The Real War of Thrones Series 2: The Wars of Religion
Focused on the hidden side of Europe’s religious wars and the power games of the families that ruled the continent, crushing their enemies.
Part 1: Game of Queens 1542- 1559
In the middle of the Renaissance, the son of Francis I shake up the foundations of Europe. Henry II, the King of France, secures a claim to the Scottish crown by marrying young queen Mary Stuart to his son, the future Francis II, heir to the French throne.
Part 2: In the Name of God 1559- 1561
The rise of Protestantism is dividing Europe. This is the beginning of the Wars of Religion. While celebrating an alliance treaty, Henry II dies during a jousting tournament. Espionage, conspiracies, treason – his son, the sickly Francis II, sees his life and his reign threatened by the Protestants.

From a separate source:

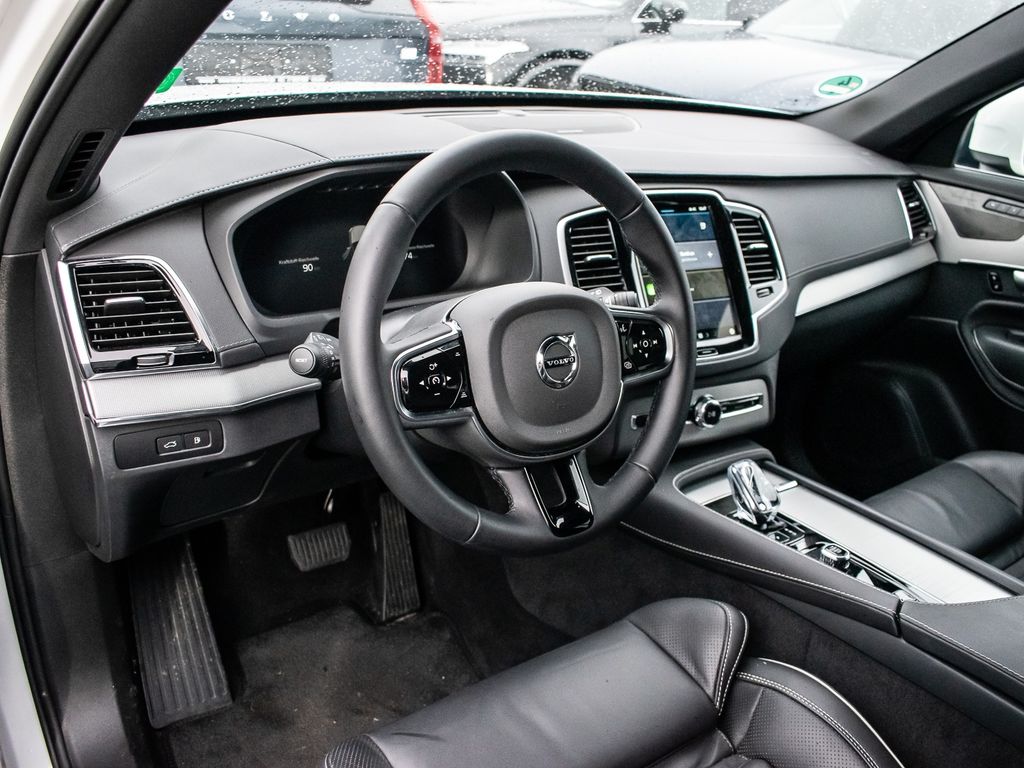 Volvo XC90 2024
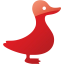 duck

Part 3: Europe Ignites 1561- 1569
In France, perfidy and treason plunge the French Kingdom into chaos. Behind new king Charles IX, Catherine de Medici rules in the background as master of the throne. However, she is unable to prevent a civil war.

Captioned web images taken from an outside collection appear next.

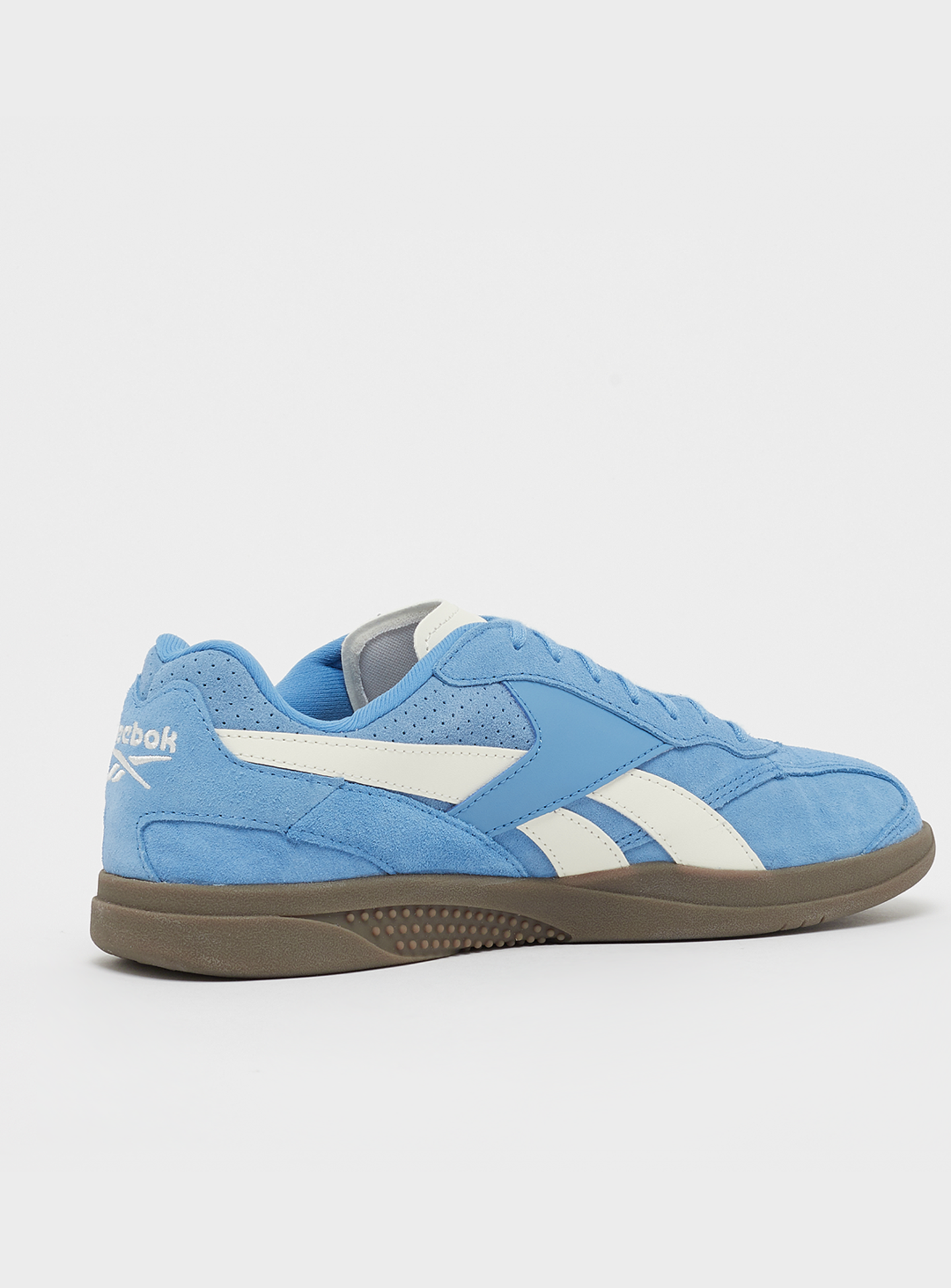 Reebok, Hammer Street, blue, Image 3 of 7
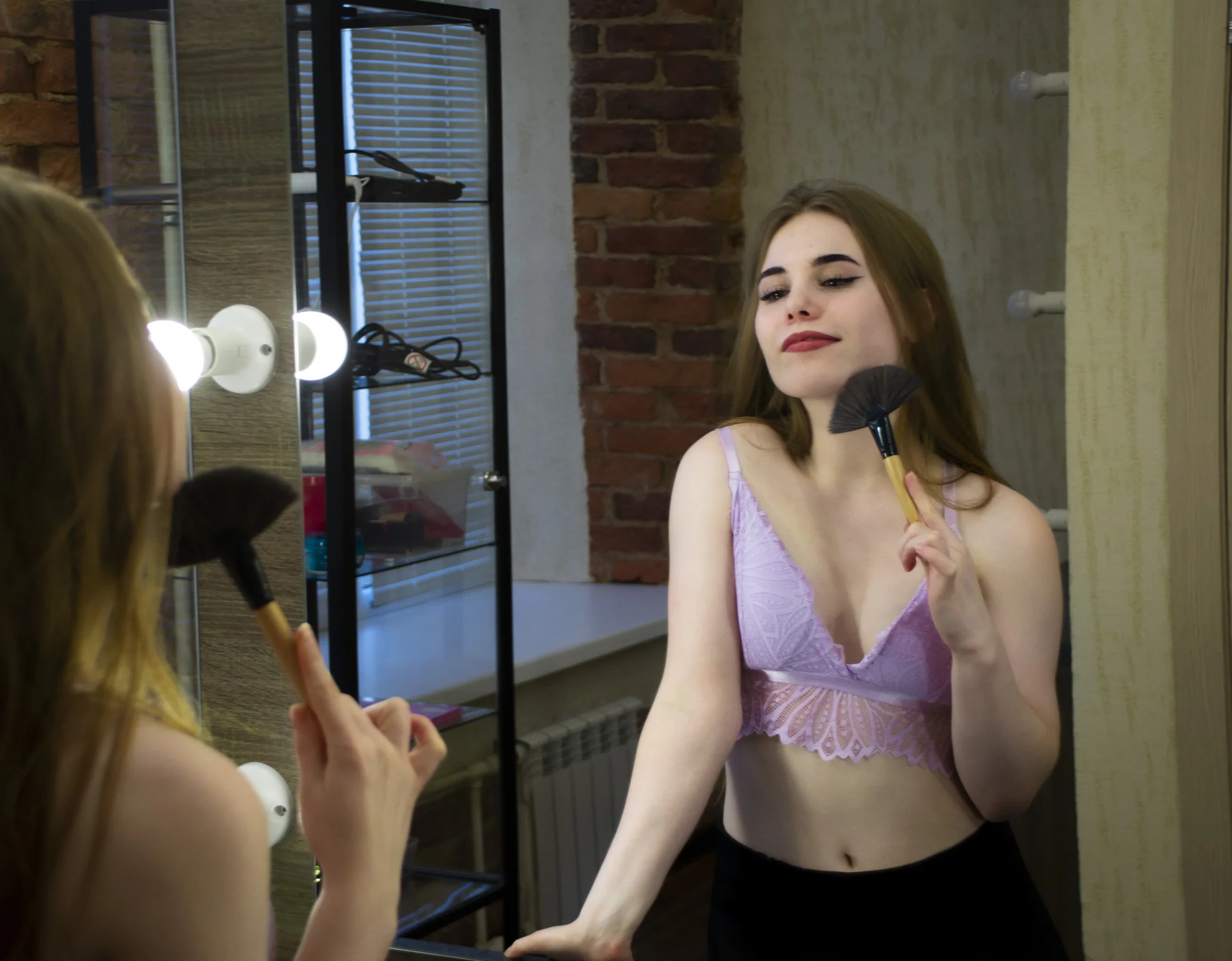 XXX Porn Photo of Nude Caitlin_Carey 23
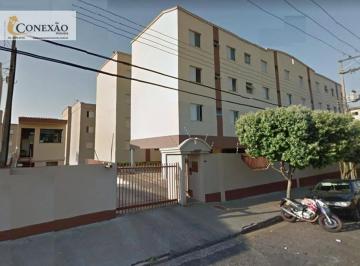 56a3ca539fc954a264d62992a27a10fb6b290686 · Apartamento com 2 dormitórios à venda, 62 m² por R$ 155.000,00 - Jardim São Carlos - São Carlos/SP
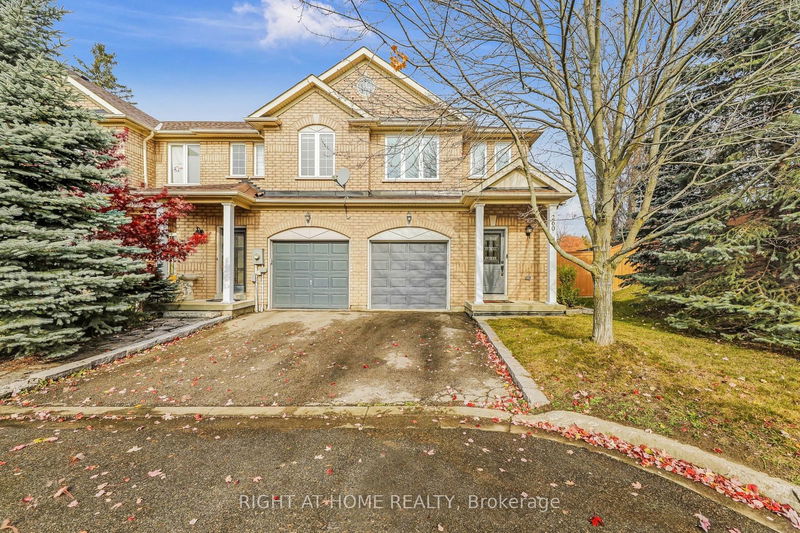 260 Tom Taylor Cres, Newmarket - Summerhill Estates image-0-0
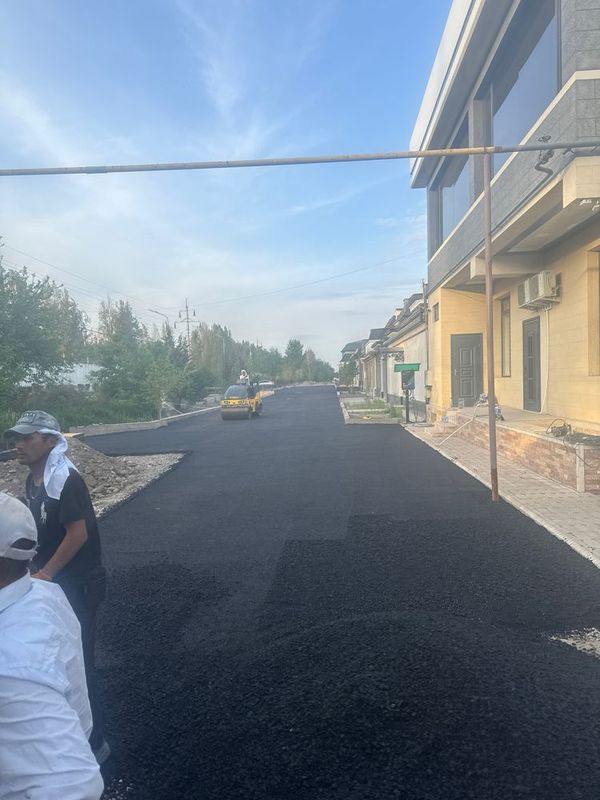 Asfalt xizmatlari Asfalt xizmatlari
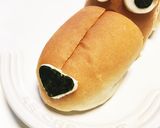 キャラ弁☆スリンキードッグなホットドッグ作り方10写真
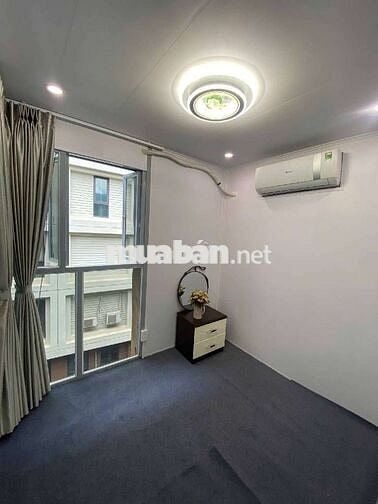 Cho Thuê nhà tập thể Thái Hà, tuyệt đẹp, 68m2, giá 9 triệu/tháng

Part 4: Blood Wedding 1567- 1574
In the name of religious tolerance, Catherine de Medici weds her Catholic daughter, Margaret of Valois, to the young Protestant heir of the Bourbon dynasty, Henry of Navarre. Protestants and Catholics are both in attendance. This event leads to the most infamous bloodbath in France’s history.
Part 5: Feuding Brothers 1575- 1584
Mary, Queen of Scots is forced to abdicate and flee to England, where Queen Elizabeth has her imprisoned. Refusing to acknowledge her cousin as her legitimate heir, Elizabeth accepts to wed one of Catherine de Medicis sons. In Flanders, William I requests military assistance from France.
Part 6: The Last of the Valois 1584- 1594
In France, Henry III still has no heir. Catherine de Medici is determined to prevent him from being the last of the Valois line and leaving the throne to Henry of Navarre. Yet again, the wind of revolt blows over the kingdom of France and leads to the assassination of Henry, Duke of Guise.